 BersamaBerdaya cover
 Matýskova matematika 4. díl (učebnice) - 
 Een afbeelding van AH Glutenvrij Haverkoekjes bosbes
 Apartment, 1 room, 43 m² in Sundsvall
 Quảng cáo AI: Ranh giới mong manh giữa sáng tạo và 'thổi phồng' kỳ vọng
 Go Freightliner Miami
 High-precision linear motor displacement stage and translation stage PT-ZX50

==

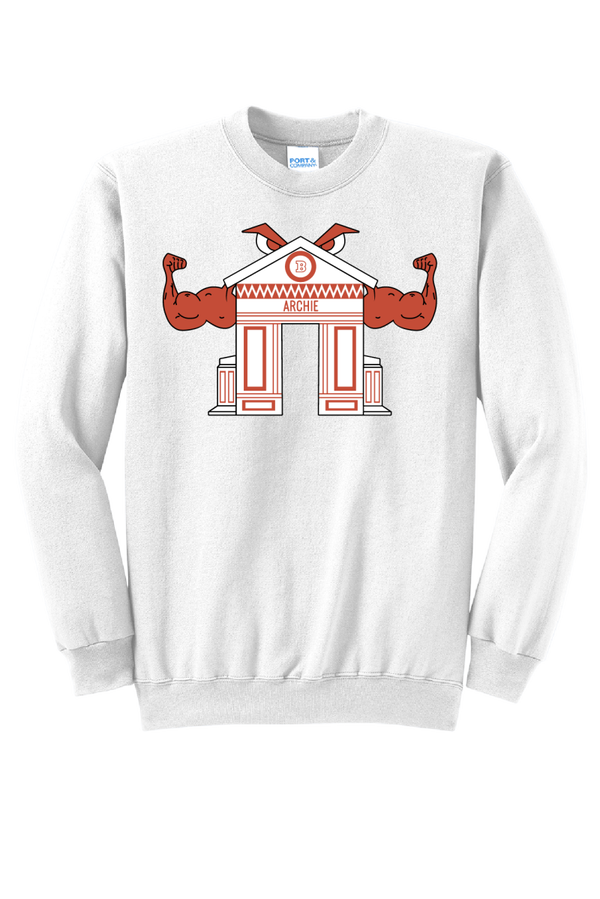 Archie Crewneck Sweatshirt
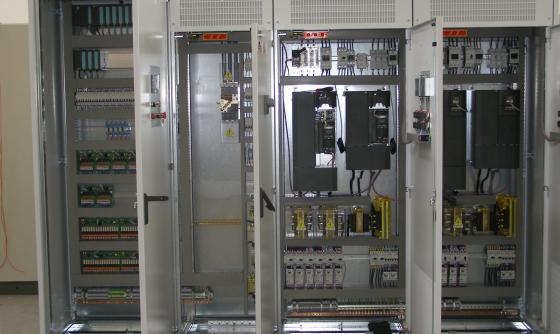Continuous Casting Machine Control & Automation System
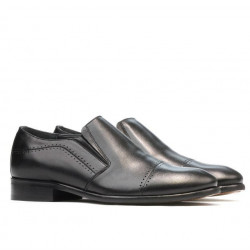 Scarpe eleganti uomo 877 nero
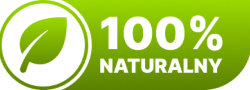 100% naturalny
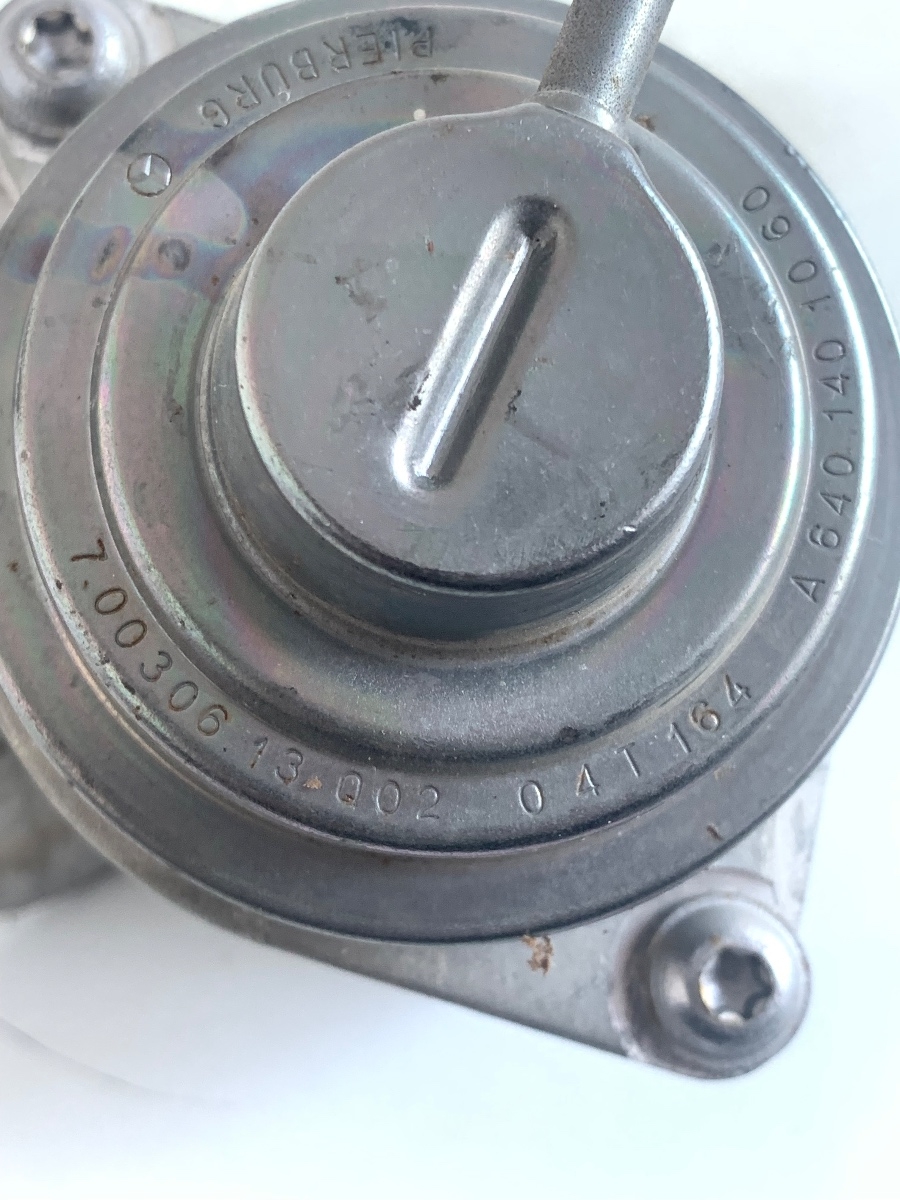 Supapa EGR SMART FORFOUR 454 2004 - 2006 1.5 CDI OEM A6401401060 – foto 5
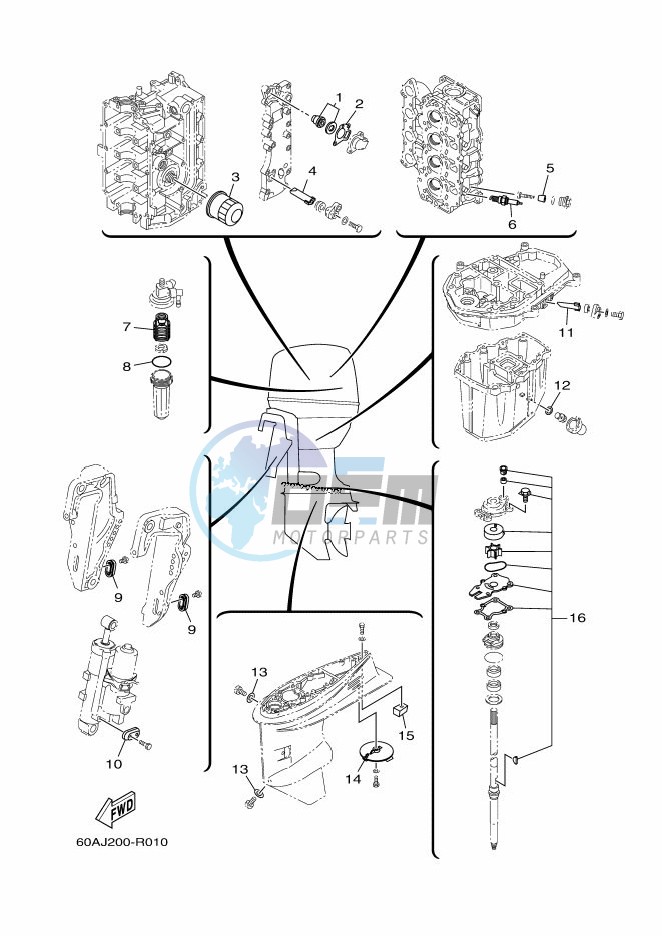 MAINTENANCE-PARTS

---

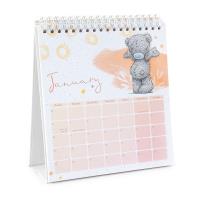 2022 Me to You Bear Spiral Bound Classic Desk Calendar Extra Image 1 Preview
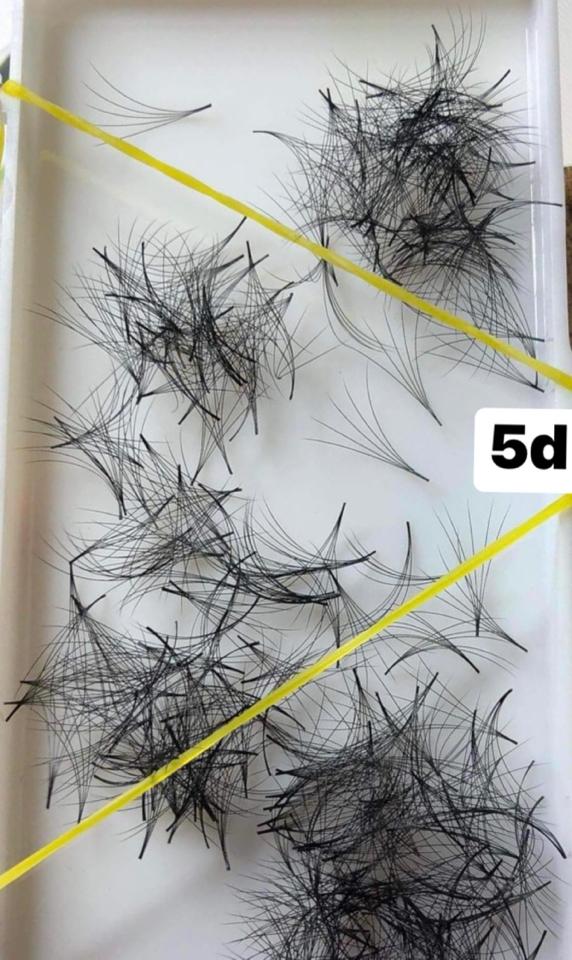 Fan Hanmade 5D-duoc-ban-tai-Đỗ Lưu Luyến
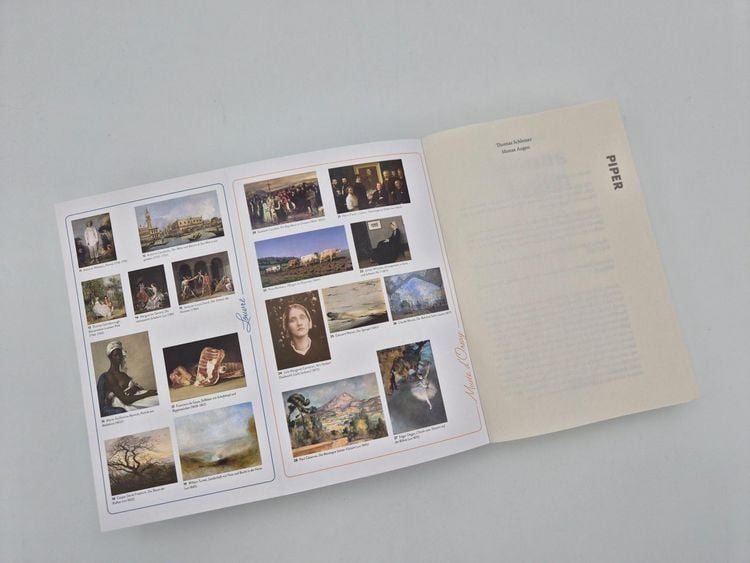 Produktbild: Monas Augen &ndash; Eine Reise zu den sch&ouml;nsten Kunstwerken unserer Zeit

▶ [Your assignment] Lines to set down from above: the line with "BersamaBerdaya cover", the line with "High-precision linear motor", and every line between, each exactly as written.

▶ [The answer]
 BersamaBerdaya cover
 Matýskova matematika 4. díl (učebnice) - 
 Een afbeelding van AH Glutenvrij Haverkoekjes bosbes
 Apartment, 1 room, 43 m² in Sundsvall
 Quảng cáo AI: Ranh giới mong manh giữa sáng tạo và 'thổi phồng' kỳ vọng
 Go Freightliner Miami
 High-precision linear motor displacement stage and translation stage PT-ZX50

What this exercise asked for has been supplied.